- Problem statement -
When you write out the listing below, keep each word exactly as it stands and drop the pictures.

- Recorded information -
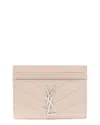 Saint Laurent Beige Matelasse Grain De Poudre Leather Monogram Card Case  (authentic Pre-loved) In Pink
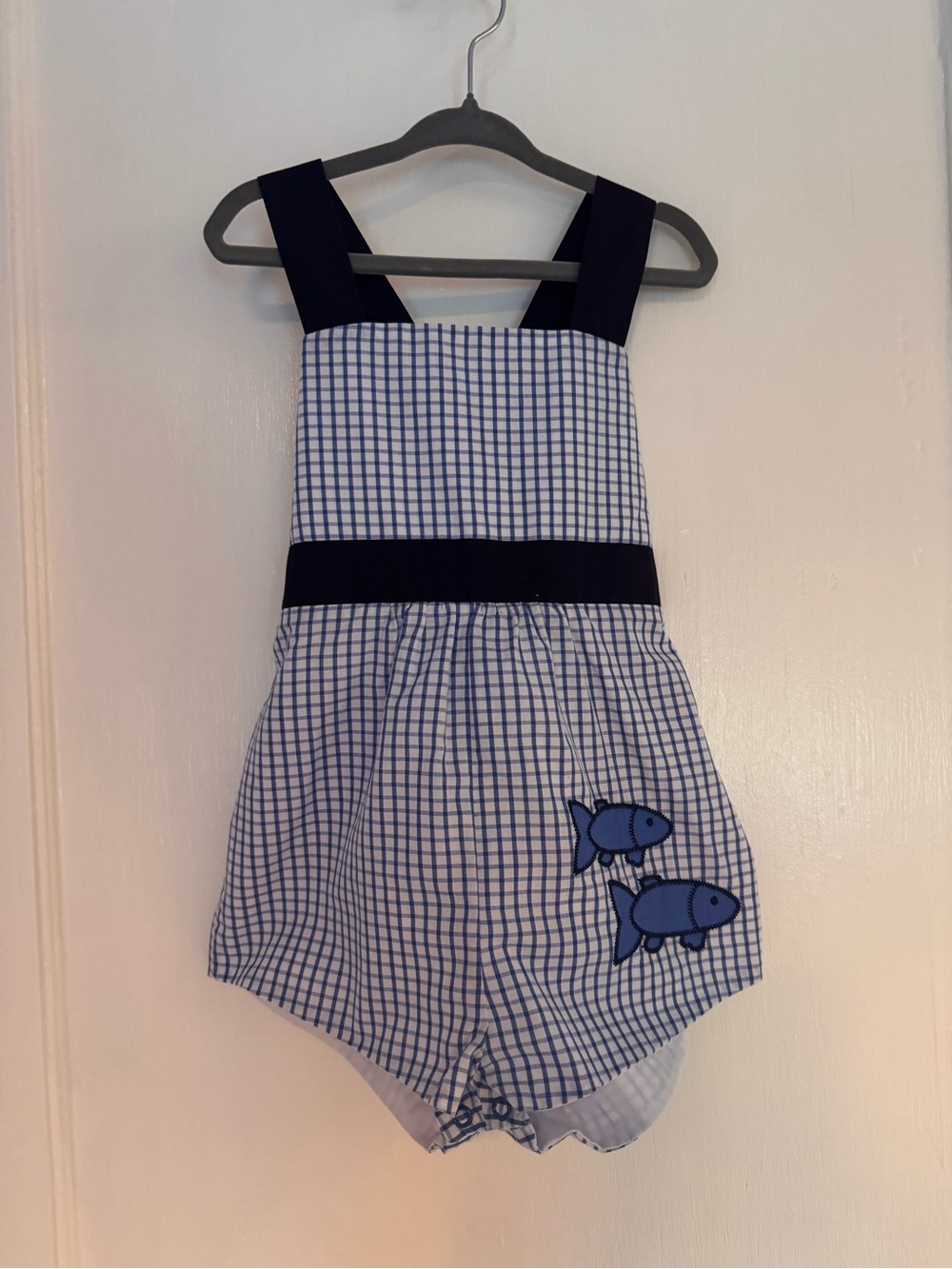 TBBC Blue Gingham Kids Romper with Fish Appliqué. Size 3T
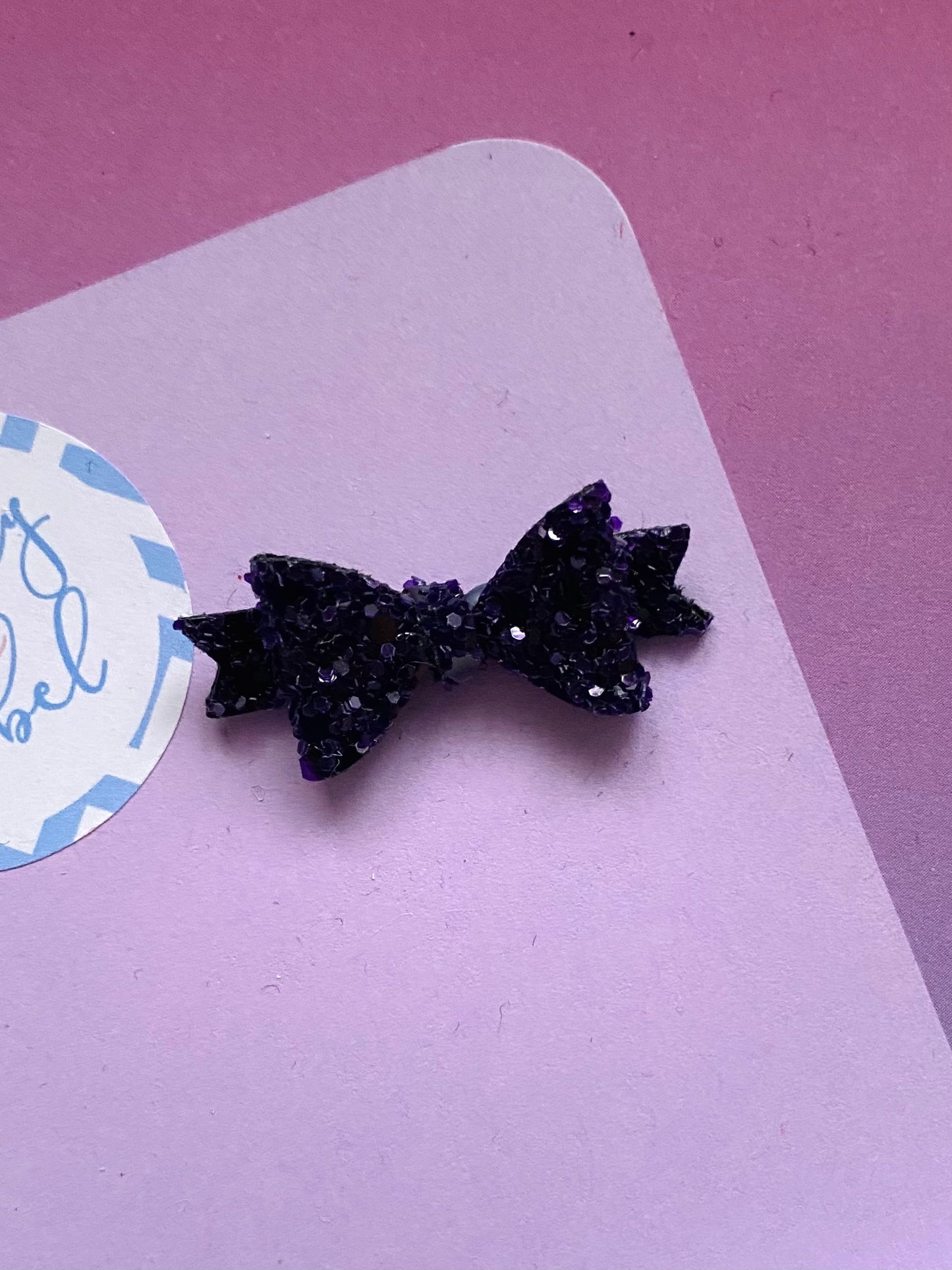 Sale: Dark Purple Glitter Diddy Bow Fringe Clip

- Exercise result -
 Saint Laurent Beige Matelasse Grain De Poudre Leather Monogram Card Case  (authentic Pre-loved) In Pink
 TBBC Blue Gingham Kids Romper with Fish Appliqué. Size 3T
 Sale: Dark Purple Glitter Diddy Bow Fringe Clip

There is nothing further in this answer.